In July, Friends Fiduciary sent comments directly to the SEC on potential disclosure requirements for sustainability and climate change issues. Corporate disclosure of material climate risks, financial impacts, and opportunities remains limited and generally unhelpful to investors seeking to understand how these issues affect companies. FFC believes this information is important to making good investment decisions.
In a separate communication FFC also asked the SEC to enforce existing climate disclosure guidelines and to consider requiring greater transparency related to purported climate “benefits” reported by some companies. A prime example is the wood pellet industry’s claim that burning biomass, like wood pellets, reduces greenhouse gas emissions from power plants; this is disputed by some experts. Friends Fiduciary’s shareholder and policy advocacy are two important ways its Quaker values are working to influence corporate America to do better.
In September, Kate Monahan began a year‐long fellowship with Friends Fiduciary through Quaker Voluntary Service’s second‐year Alumni Fellows program.
Retreat, Conference, and Study Centers
Friends Center was the locus for issue‐based organizing before and after the Democratic National Convention in Philadelphia, Pa., this past July.
On Saturday, July 23, Friends Center tenant Food and Water Watch’s Summit for a Clean Energy Revolution brought 400 people to its LEED Platinum facility. On Sunday, Food and Water Watch staged its 10,000-strong March for a Climate Energy Revolution from Friends Center.
The Pennsylvania chapter of the Council on American–Islamic Relations (CAIR) and American Friends Service Committee (AFSC) organized a town hall on Islamophobia. Speakers included U.S. Rep. Keith Ellison of Minnesota, the first Muslim elected to Congress.
AFSC hosted a “revival” by Repairers of the Breach.
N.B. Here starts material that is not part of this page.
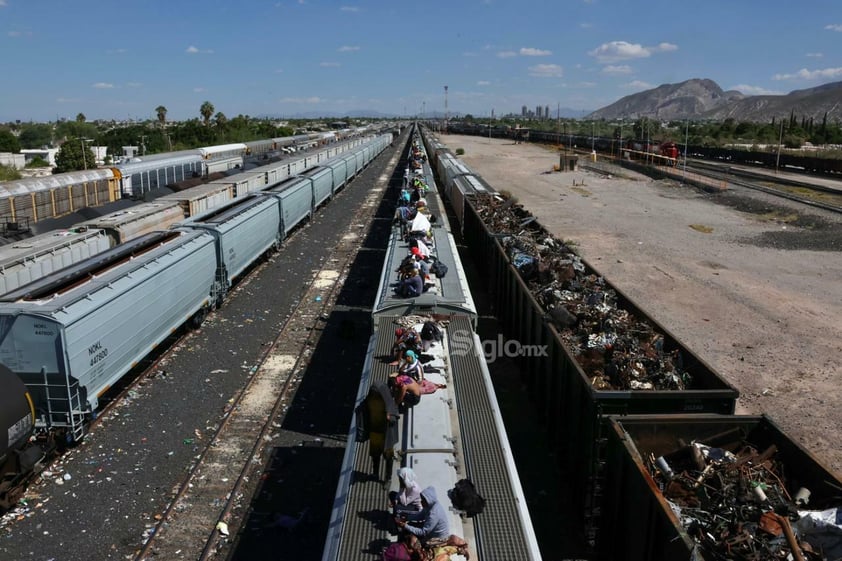 Suspende actividades Ferromex al norte de México, ante incremento de migrantes que están de paso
Led by William Barber, founder of Moral Mondays in North Carolina, and other clergy, some 200 people joined in a call to reinject moral values that reflect the Sermon on the Mount into U.S. politics.
The next morning, the Breach Repairers held a press conference in Friends Center’s courtyard, then marched to present their statement to DNC staff. A nonpartisan group, they made a similar delivery to the Republican National Committee in Cleveland previously.
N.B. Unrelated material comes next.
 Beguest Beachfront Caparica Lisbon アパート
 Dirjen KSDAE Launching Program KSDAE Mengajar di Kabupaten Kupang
Among other groups renting space that week, democratic socialists sponsored evening panel discussions. A group called Facing Addiction held a public forum calling for federal policy changes; afterward, the Thomas Scattergood Foundation (another tenant) led a rally at City Hall on those policies.
Pendle Hill’s first fully online course, Exploring the Quaker Way, taught by Steve Chase and Marcelle Martin, ran from early June to mid‐July. This pilot program received positive feedback and has inspired an expansion of online course offerings.
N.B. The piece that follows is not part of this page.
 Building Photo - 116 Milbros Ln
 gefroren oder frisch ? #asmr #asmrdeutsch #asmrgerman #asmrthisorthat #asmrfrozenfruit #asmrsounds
In early June, the fourth annual Continuing Revolution conference for young adult Friends was a great success thanks in large part to the work of coordinator Katrina McQuail and assistant coordinator Amy Greulich. Participants explored the theme of integrity through workshops, personal reflection, accountability groups, and hula‐hooping.
In mid‐June, a conference on Powerful Faith‐Based Organizing for Climate Justice welcomed about 40 participants and presenters to explore how faith can empower moral advocacy, community resilience, and strategic nonviolent direct action campaigns to realize climate justice. Organizers Paula Kline, Eileen Flanagan, Pamela Boyce Simms, John Meyer, and others deftly wove the many skills tracks together into a packed and powerful weekend.
Between May and July about 1,500 people stayed at Pendle Hill, including Rev. Dr. William Barber who was in Philadelphia for the Democratic National Convention. Barber agreed to be a guest presenter for the September 2016 to May 2017 cohort of Pendle Hill’s Radical Faithfulness program.
The executive board approved a balanced 2017 budget in July. It is with deep gratitude to staff, volunteers, and all who come and visit that Pendle Hill takes this budget forward.
Woodbrooke Quaker Study Centre
Woodbrooke has provided Quaker‐inspired learning since 1903, with a continuing mission of “fostering of a vital Friends ministry.” Today, Woodbrooke runs a mixed program of short and longer study courses, online and in meetings. One of Woodbrooke’s goals for the future is to increase accessibility to learning for Britain Yearly Meeting and beyond, and so Woodbrooke’s new online learning program is a mixture of live and interactive courses and on‐demand/anytime courses.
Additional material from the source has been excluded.